Golly, I feel nervous about saying this but I am worried about Mark's answer. Q is not "gain". There is no "gain" in a pickup. There will be self-resonant frequency, and with inductance and capacitance in parallel, that resonance will produce a maximum response at a certain frequency.
What that frequency is, I can't measure, nor even offer an educated guess at, as my inductance meter won't register my guitar's pickup as an inductor. Without any doubt, adding the parallel capacitor will lower the resonant frequency of the combination, but I can't comment on where it will resonate before or after adding it. Adding a few hundred pF will not shift it by much. It would be swamped by the existing parasitic capacitance already present in the pickup.

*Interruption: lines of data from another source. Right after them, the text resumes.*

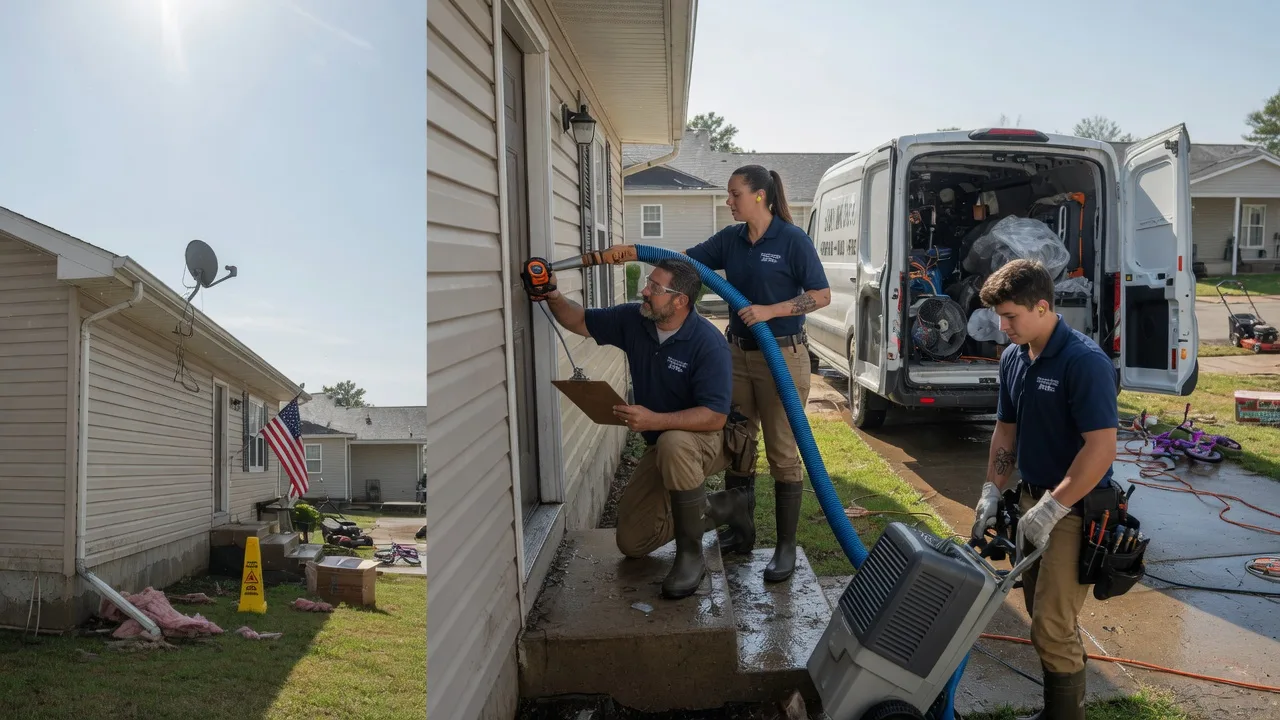 Ceiling Water Damage Restoration in Berlin, WI near me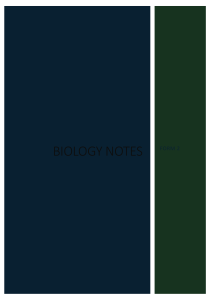 BIOLOGY NOTES
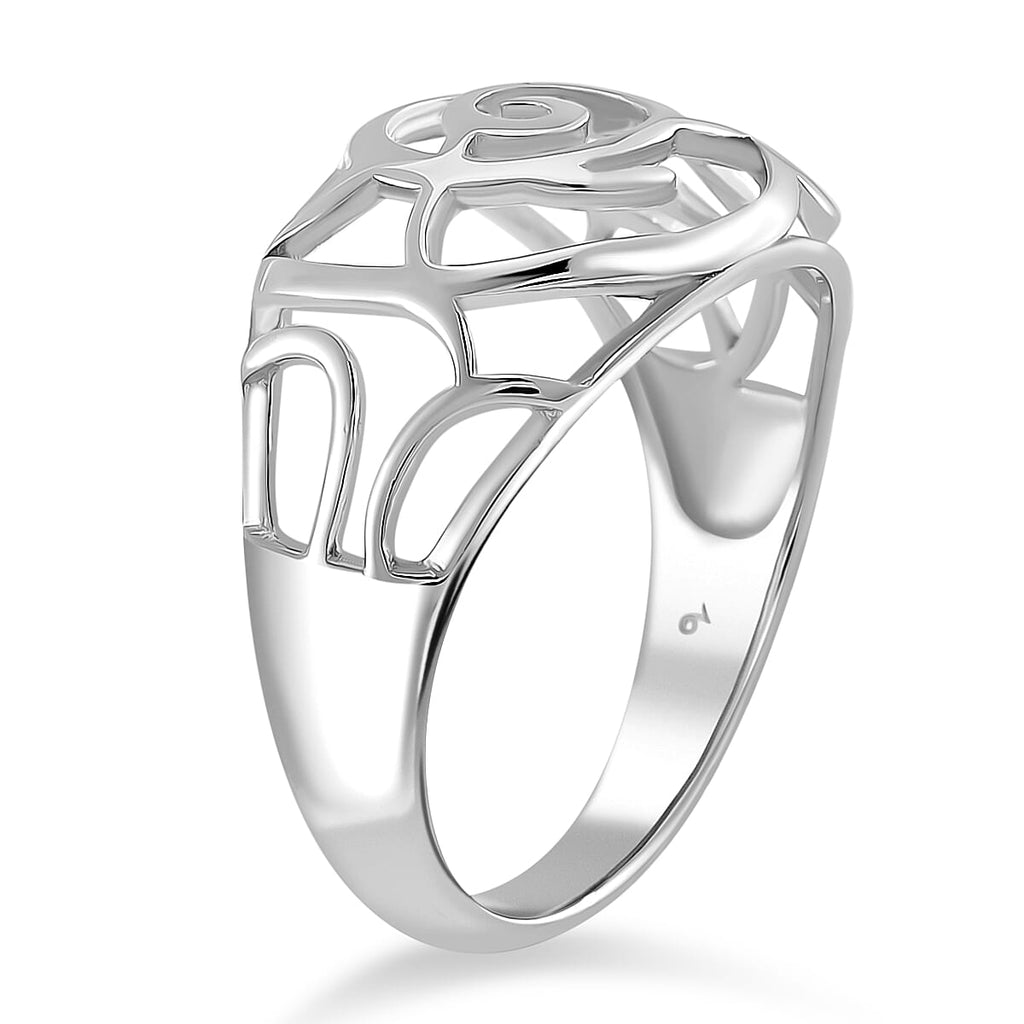 LucyQ - Air Drip Collection Ring in Rhodium Overlay Sterling Silver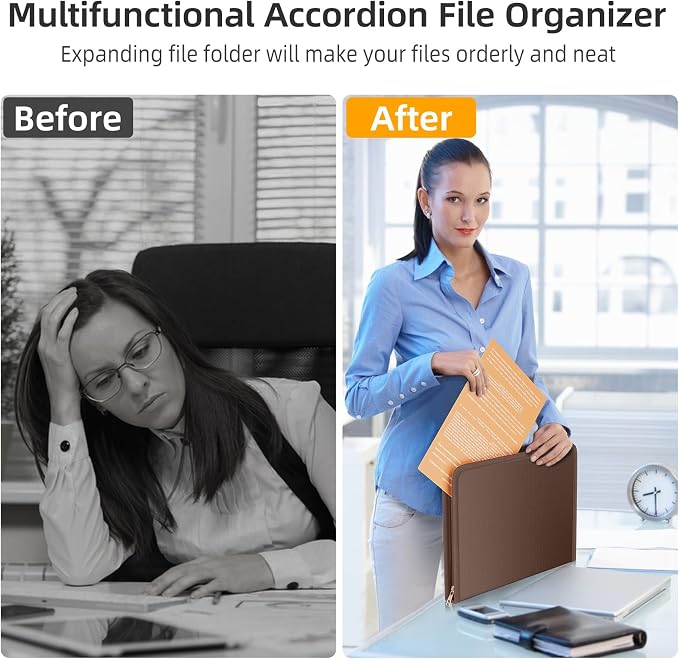 Fireproof Accordion File Organizer, Portable Expanding File Folder - Image 6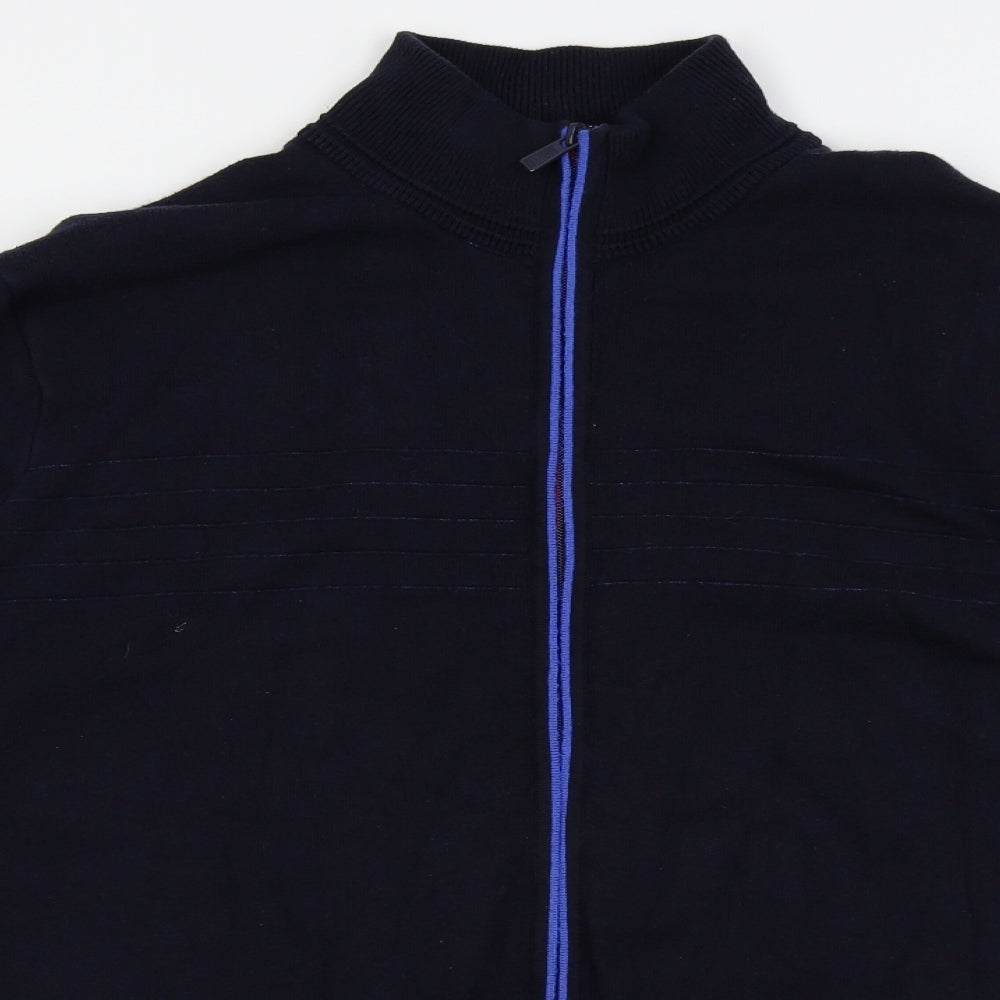 Blue Harbour Mens Blue   Full Zip Jumper Size XL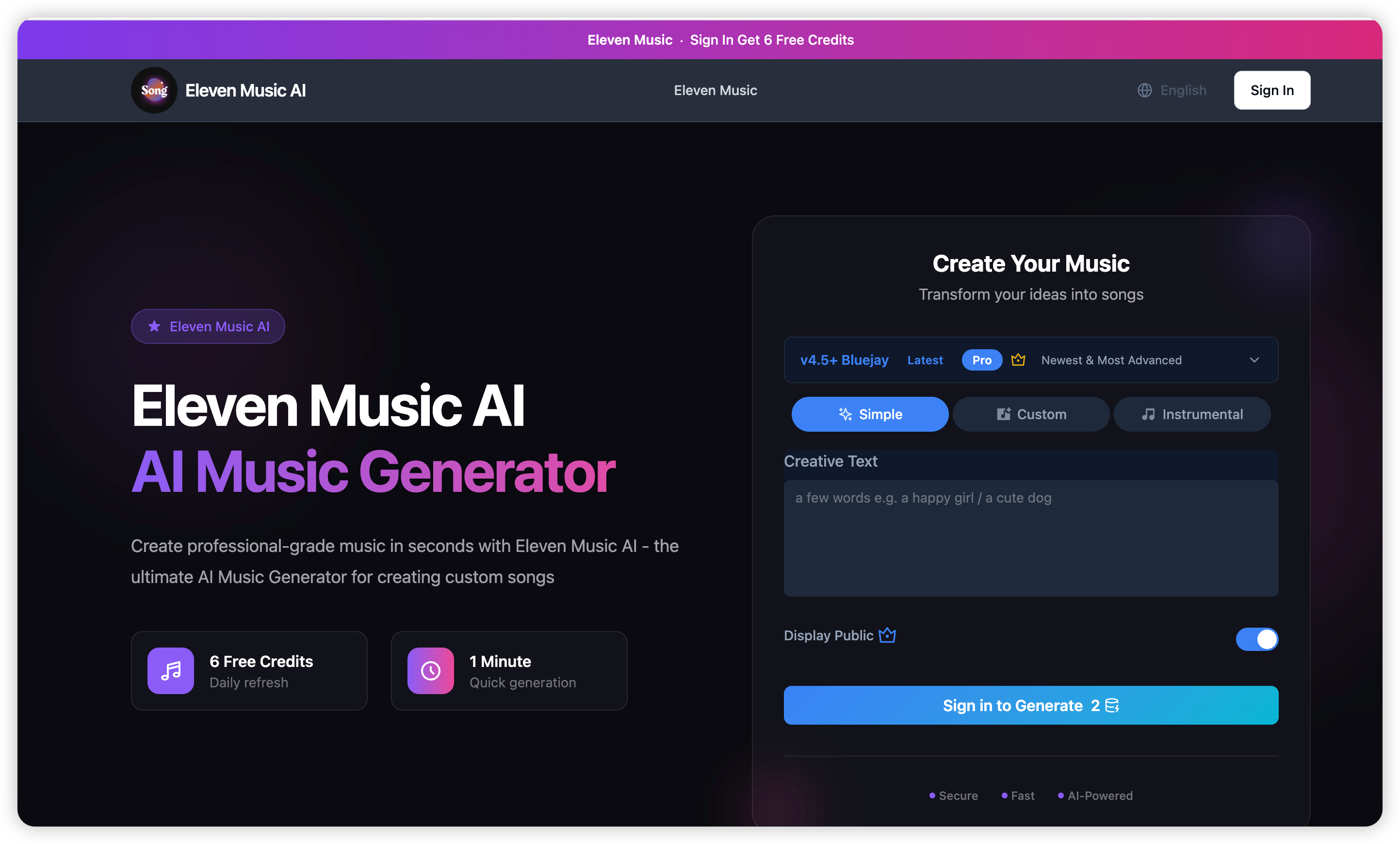 eleven music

It may be a matter of shifting the pickup's response away from some inner mechanical resonance, but I doubt it. You notice that Mark is careful to say that he has made an assumption. Knowing how keen manufacturers are to reduce production costs, he asks us to believe that a manufacturer would fine-tune a guitar, using ear tests. I don't buy that, it just doesn't seem likely.
When in doubt, go for the obvious answer first. In view of the prevalence of high power local AM radio stations during the production years, I'm sticking with the view that the cap is probably to shunt away radio frequency signal pickup. Knowing how easy it is for ham radio operators to be plagued by pickup in nearby audio amplifiers even nowadays, it seems a whole lot more likely as an answer.
Removing such a low value capacitor is unlikely to make the signal "brighter" - it's a hundred times too small. The effect would be too small for human ears to notice in our part of the spectrum.
I would not regard this as an issue on which any definitive answer has been given. What we need is hard facts. Since we will never know what the manufacturer was thinking, we will have to get some measurements made. Mark, what kit have you got that would help us clarify the issue?